Cloudburst: Hard lessons learned from the OVH datacenter blaze

Enterprise

Join Transform 2021 for the most important themes in enterprise AI & Data. Learn more.


In every tabletop disaster-recovery exercise in every enterprise IT shop, there’s a moment when attention grudgingly shifts from high-profile threats — malicious intrusion, data theft, ransomware — to more mundane (and seemingly less likely) threats, like natural disasters, accidents, and low-tech turmoil.

What hurricanes, explosions, earthquakes, fires, and floods lack in cybersecurity panache, they often make up for in ferocity. The history is clear: CIOs need to put more emphasis on force majeure — an act of God or moment of mayhem that threatens data availability at scale — when making their plans.

On Christmas Day 2020, a bomb packed into an RV decimated a section of downtown Nashville, Tennessee. The collateral damage included a crippled AT&T transmission facility, which disrupted communications and network traffic across three states and grounded flights at Nashville International Airport. Outages for business clients and their customers lasted through the rest of the holiday season.

This week brought even more stark evidence of the disruptive power of calamity.

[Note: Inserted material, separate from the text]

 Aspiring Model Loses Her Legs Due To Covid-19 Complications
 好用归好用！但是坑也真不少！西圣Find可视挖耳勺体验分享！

One of Europe’s largest cloud hosting firms, OVH Groupe SAS, better known as OVHCloud, suffered a catastrophic fire at its facility in Strasbourg, France. The blaze in a cluster of boxy, nondescript structures — actually stacks of shipping containers repurposed to save on construction costs — completely destroyed one of OVH’s four datacenters at the site and heavily damaged another.

OVH officials were quick to sound the alarm, with founder and chair Octave Klaba warning that it could take weeks for the firm to fully recover and urging clients to implement their own data recovery plans.

Assuming they had them. Many did not.

Scarcely protected data remains a significant problem for businesses of all stripes and sizes. In 2018, Riverbank IT Management in the U.K. found that 46% of SMEs (small and mid-size enterprises) had no plan in place for backup and recovery. Most companies (95%) failed to account for all of their data, on-premises and in the cloud, in whatever backup plans they did have.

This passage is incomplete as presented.